Jaga Kota Solo Aman, Polresta Dibantu 1.000 Personel TNI

Ilustrasi polisi menjaga keamanan. (Antara/Aloysius Jarot Nugroho)
31 Januari 2019 03:17 WIB Kurniawan Solo Share :

Solopos.com, SOLO-Seluruh stakeholder di Kota Solo diminta pro aktif menjaga situasi kondusif wilayah menjelang penyelenggaraan pesta demokrasi lima tahunan Pemilu 2019. Sebab mendekati pelaksanaan pemilu ada potensi gangguan keamanan di Kota Bengawan.

Polisi akan menindak tegas pembuat onar di Kota Bengawan. Pernyataan itu disampaikan Kapolresta Solo, Kombes Pol Ribut Hari Wibowo saat memberikan sambutan acara Focus Group Discussion (FKG) bertema Menjaga Kerukunan dan Toleransi untuk Terpeliharanya Kota Solo yang Aman, Damai dan Sejuk di The Sunan Hotel, Rabu (30/1/2019).

“Sekarang bila ada pelanggaran [hukum] saya sikat betul. Bentuk dari perhatian pemerintah saat ini saya mendapat BKO 1.000 tentara dan polisi. Pasukan ini bisa saya kendalikan setiap saat, 24 jam sehari. Bantuan pasukan tambahan ini untuk menegakkan aturan secara profesional. Tapi kami butuh bantuan semua pihak,” tutur dia.

Kapolresta menjelaskan untuk menjaga iklim kondusif Kota Solo di tahun politik dirinya berkomitmen untuk tidak hadir dalam setiap kegiatan politik.
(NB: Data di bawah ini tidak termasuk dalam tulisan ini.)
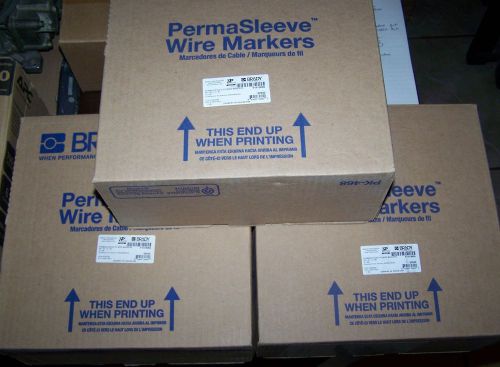 Brady PermaSleeve PS-187-2-WT White 2&#034; Heat Shrink Wire Markers - New Roll 2500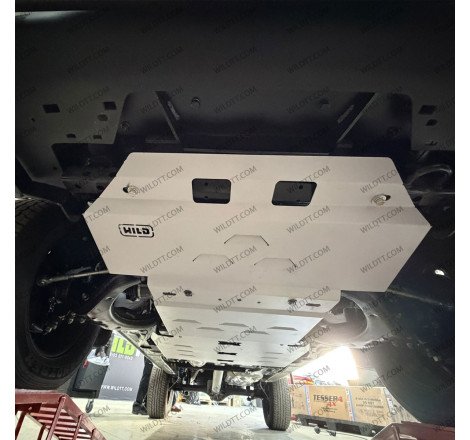Kit Completo Proteções Inferiores Aço 3MM Isuzu D-Max 2020+ - WildTT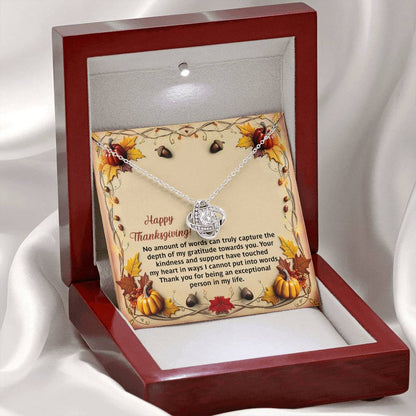 Thanksgiving - Put Into Words - Love Knot Necklace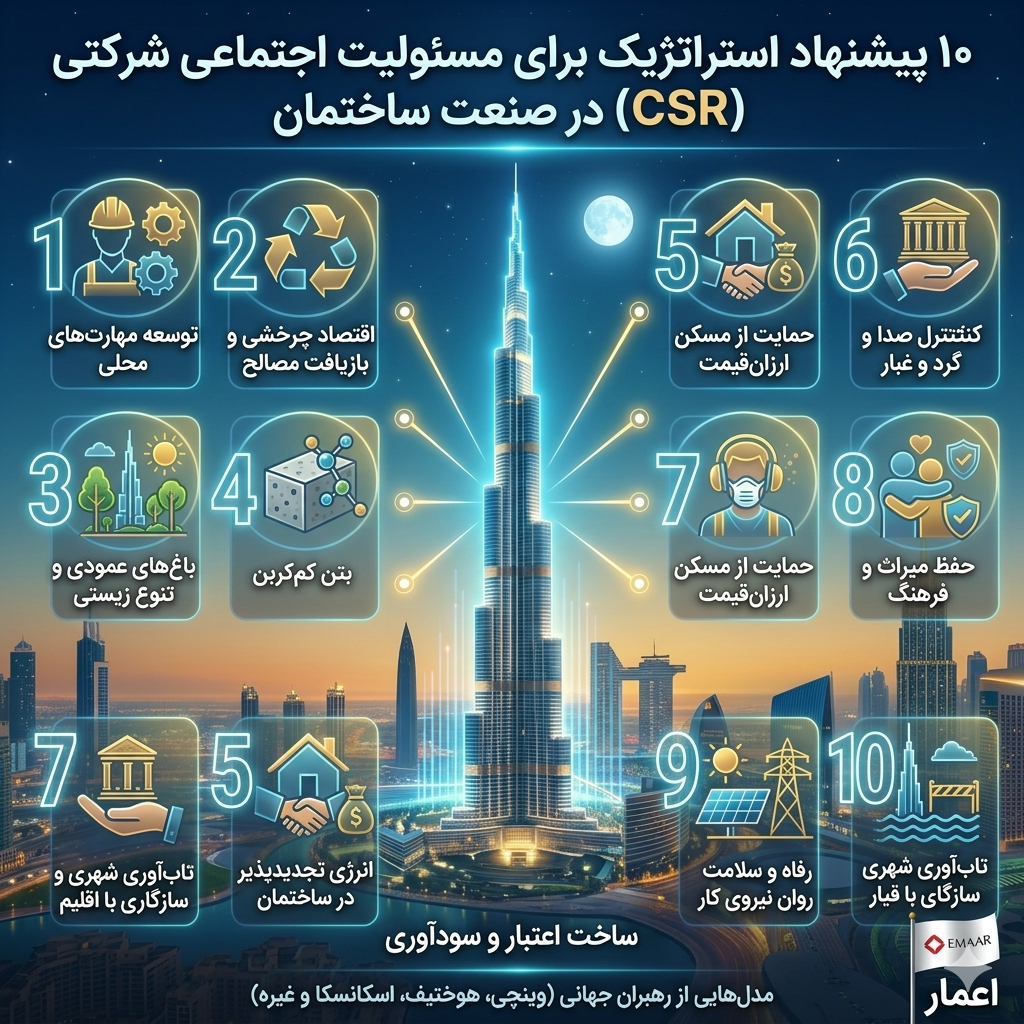 اینفوگرافی مسئولیت اجتماعی شرکتی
Sikap tersebut menurut dia untuk menjaga perasaan antara kontestan pemilu sekaligus menegaskan sikap netral polisi dalam setiap pelaksanaan pesta demokrasi masyarakat.

“Tahun politik harus betul-betul saling menjaga agar event lima tahunan tidak mengoyak kerukunandi Solo. Sengaja saya ambil kebijakan untuk tidak hadir dalam undangan-undangan berbau politik. Tapi kalau kegiatan-kegiatan keagamaan saya akan datang. Dan saya sudah buktikan itu datang di kegiatan keagamaan,” imbuh dia.

Kombes Pol Ribut menerangkan menciptakan keamanan dan kenyamanan di suatu wilayah bukan perkara mudah. Situasi akan semakin berat bila sudah terlanjur terjadi konflik horizontal antarwarga. Kerukunan masyarakat terkoyak, antar tetangga saling curiga mencurigai, hingga hancurnya perekonomian wilayah itu.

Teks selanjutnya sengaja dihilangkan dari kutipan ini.